Plus j’y pense et plus je crois que j’aurais dû être un banquier devenu président du Conseil du trésor qui, un peu comme un personnage de Saint-Exupéry, se réjouit de compter l’argent qu’il croit économiser. Comme bien de ses supporteurs, il semble convaincu que l’éducation ne crée pas de richesse alors qu’elle forme des sociétés productives où des individus inventent de nouvelles façons de vivre et de s’enrichir. Plus intéressant encore, j’aurais dû être un de ces ministres de l’Éducation – les Marois, Legault, Fournier, Bolduc - ou un haut fonctionnaire qui n’a fait que nuire à mon travail à force d’incompétence et d’improvisation et à qui on offre des primes de départ ou une retraite dorée sans jamais demander des comptes au nom des enfants dont ils ont brisé l’avenir.
 

Non, j’ai choisi d’être enseignant. Et aujourd’hui, j’ai honte de faire ce métier. La haine et l’envie de certains ont tué cette passion. 

4 commentaires:

Sylvain a dit…

Triste constat que le vôtre, cher PM. À peu près autant que le mien, le constat que je faisais en jasant avec un de mes amis internet. Je disais cette semaine que si un de mes trois enfants me dit un jour qu'il veut être prof comme papa et maman, eh bien je lui répondrai quil est mieux d'être vraiment sur de sa passion et quil devra faire autre chose en même temps pendant des années... Et/ou quil devra aller enseigner dans une autre province ou même un autre pays, voilà.

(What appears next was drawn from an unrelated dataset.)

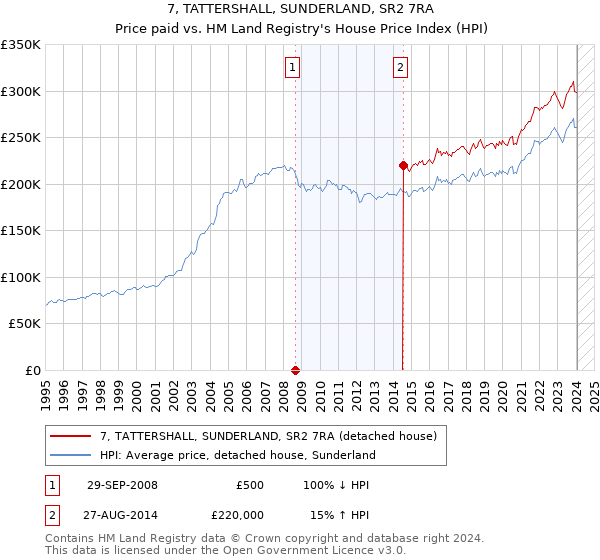 7, TATTERSHALL, SUNDERLAND, SR2 7RA: Price paid vs HM Land Registry's House Price Index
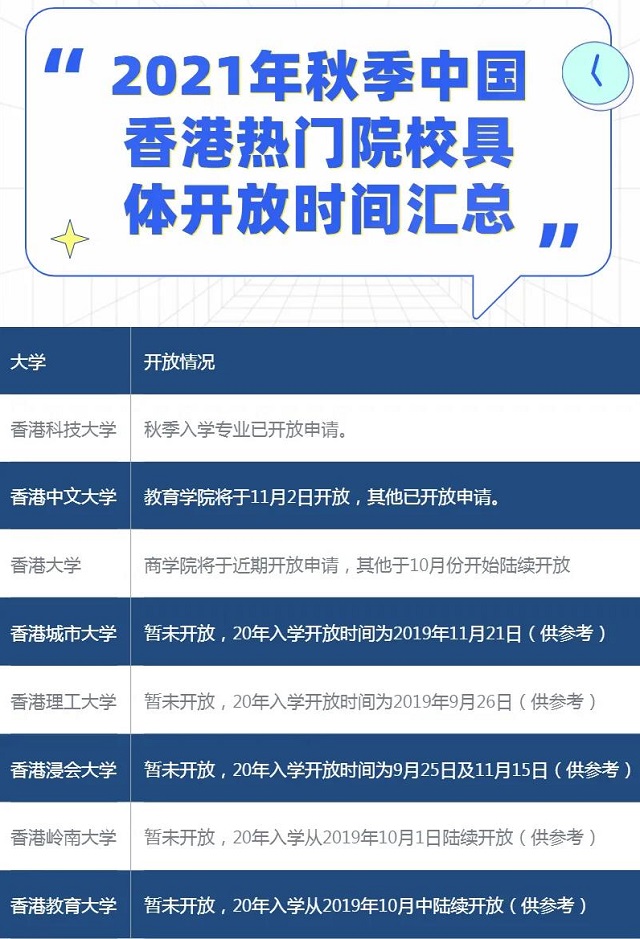 中国香港大学2021年申请开放情况.jpg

Jonathan Livingston a dit…

Bon, je n'ai pas vraiment cru au sentiment exprimé, mais j'ai aimé la figure! Bon, je ne vois pas ce qu'on te reproche en matière de courage dans un autre débat en amorce, quoique dans la presse d'aujourd'hui le mac semble faire une prise de conscience.

Le professeur masqué a dit…

Jonathan: avec les élèves, tout va bien et je suis professionnel. Mais l'envie de défoncer les murs, de créer de nouveaux projets sans regarder la montre ou l'horloge n'est plus là. Je me sens le dindon d'une farce. Je n'ai jamais compté. Là, je compte.

Joffrey a dit…

Je viens de lire ma propre histoire de déception !!! Effectivement: Où sont-ils tous ces gens qui me disaient que j’étais courageux d’enseigner les jeunes ??? Et où sont les parents quand on a besoin de support? J'ai enseigné l'anglais et le néerlandais pendant 14 ans dans une école à Bruxelles... mais c'est fini. L'année dernière, j'ai démissionné! C'est fini la carrière. Maintenant, je travaille à mi-temps pour une école de langue privé ou je donne des cours de néerlandais. Cela me suffit. C'est pareil partout. L'enseignement officiel, c'est pour les masochistes.